Type 1 error correction for pairwise comparisons: GOAL
-Goal: to control chances of Type 1 error over the course of multiple comparisons
Types of Inferential Procedures
-Hypothesis Testing (Point Estimation): "Is there a difference"? -Interval Estimation:"How much is the difference?" (a.k.a confidence intervals)
If confidence interval contains null......or...doesn't contain null...
-If a confidence interval contains the null: you retain the null--> NOT significant! -If a confidence interval does not contain the null: you would reject the null--> Significant! -if you make the confidence level higher, the width of the confidence is wider (higher range) -if you make the confidence level lower, the width of the confidence is narrower (smaller range)
The Central Limit Theorem (what would be find?)
-If we drew an infinite number of samples from the population, we would find that... 1. The mean of the sample means would equal the population mean. 2. Standard Error of the Mean: average deviation of sample means from the true population mean -reflects the accuracy with which sample means estimate the population mean. 3. Regardless of the shape of the population of scores, the sampling distribution of means (or mean differences) will tend toward normality. This tendency increases as sample size increases (n>30 is usually adequate)
What happens when you have a bigger effect? What happens to the nominator and T-size when you have a lower denominator (standard error) or lower variability?
-If you have a bigger effect, its more likely to be statistically significant. If you have a lower denominator (standard error) or lower variability, that is going to reduce your nominator and increase your T size.

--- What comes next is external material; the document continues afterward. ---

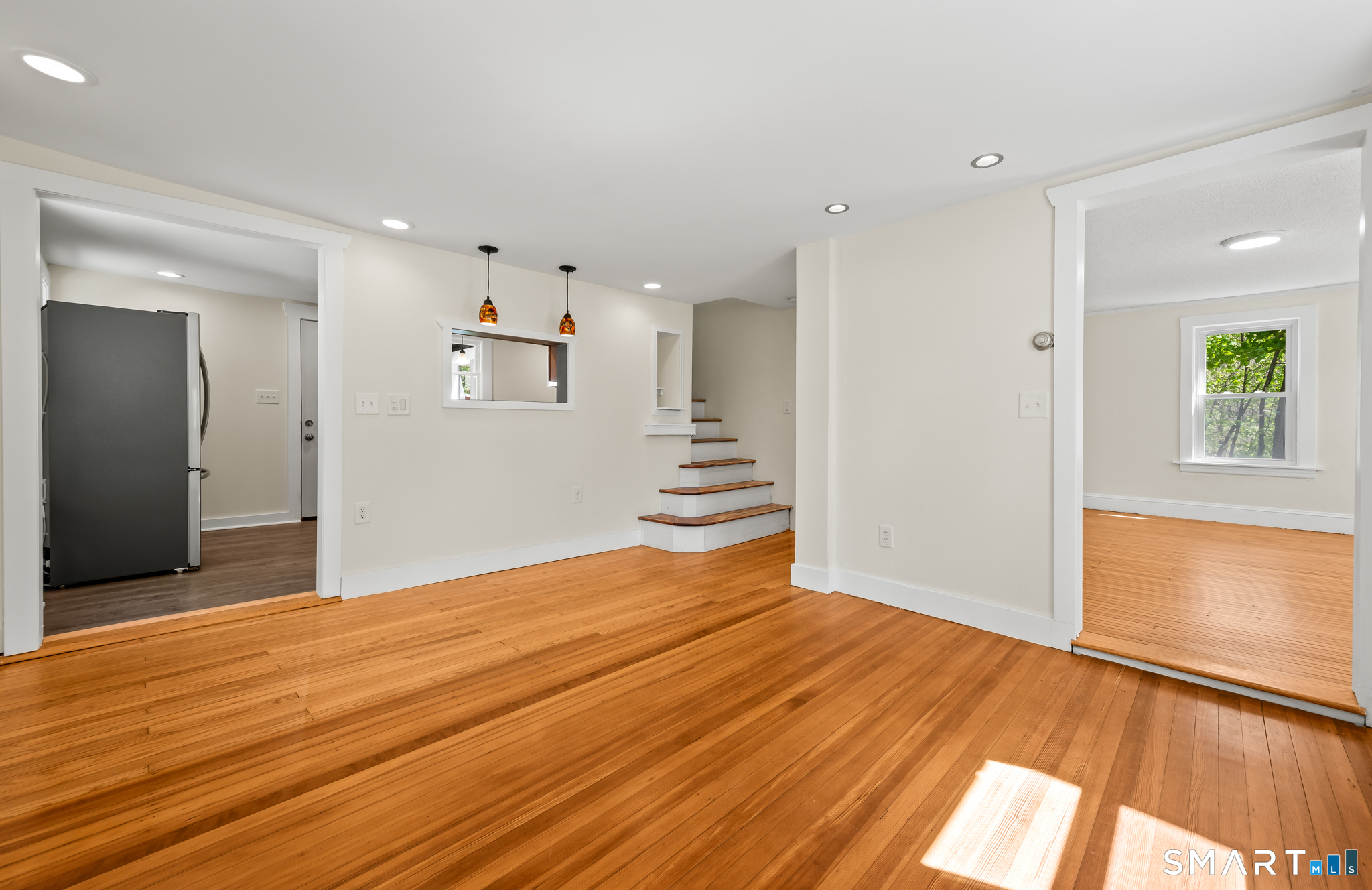 41 Union Place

independent vs. dependent samples T-test
-Independent samples: "Between Groups Design" (different, independent groups of participants) -Dependent samples: "Within Subjects Design" (same participants over different times) (issues with using this in red-bull car experiment: order effects, practice effects-the more you do it the better you get, gets easier to figure out what the hypothesis is..)
Common Dependent Samples Designs (2 levels of IV)
-Pre-post design. Example (effects of ECT depression)- two means before and after --Different measures/tasks/raters. Example: effects of task complexity on sustained attention. Example: math vs reading teacher ratings. Same Mean in multiple tasks --Matched Pairs. Example: effects of instructional method on learning (matched on IQ). Pairing samples up based on something.
Finding T-critical
-Sample size (degrees of freedom: n-1), -Alpha Level -One-tailed (you are only interested in differences in one direction) or Two-tailed? (you are interested in both directions).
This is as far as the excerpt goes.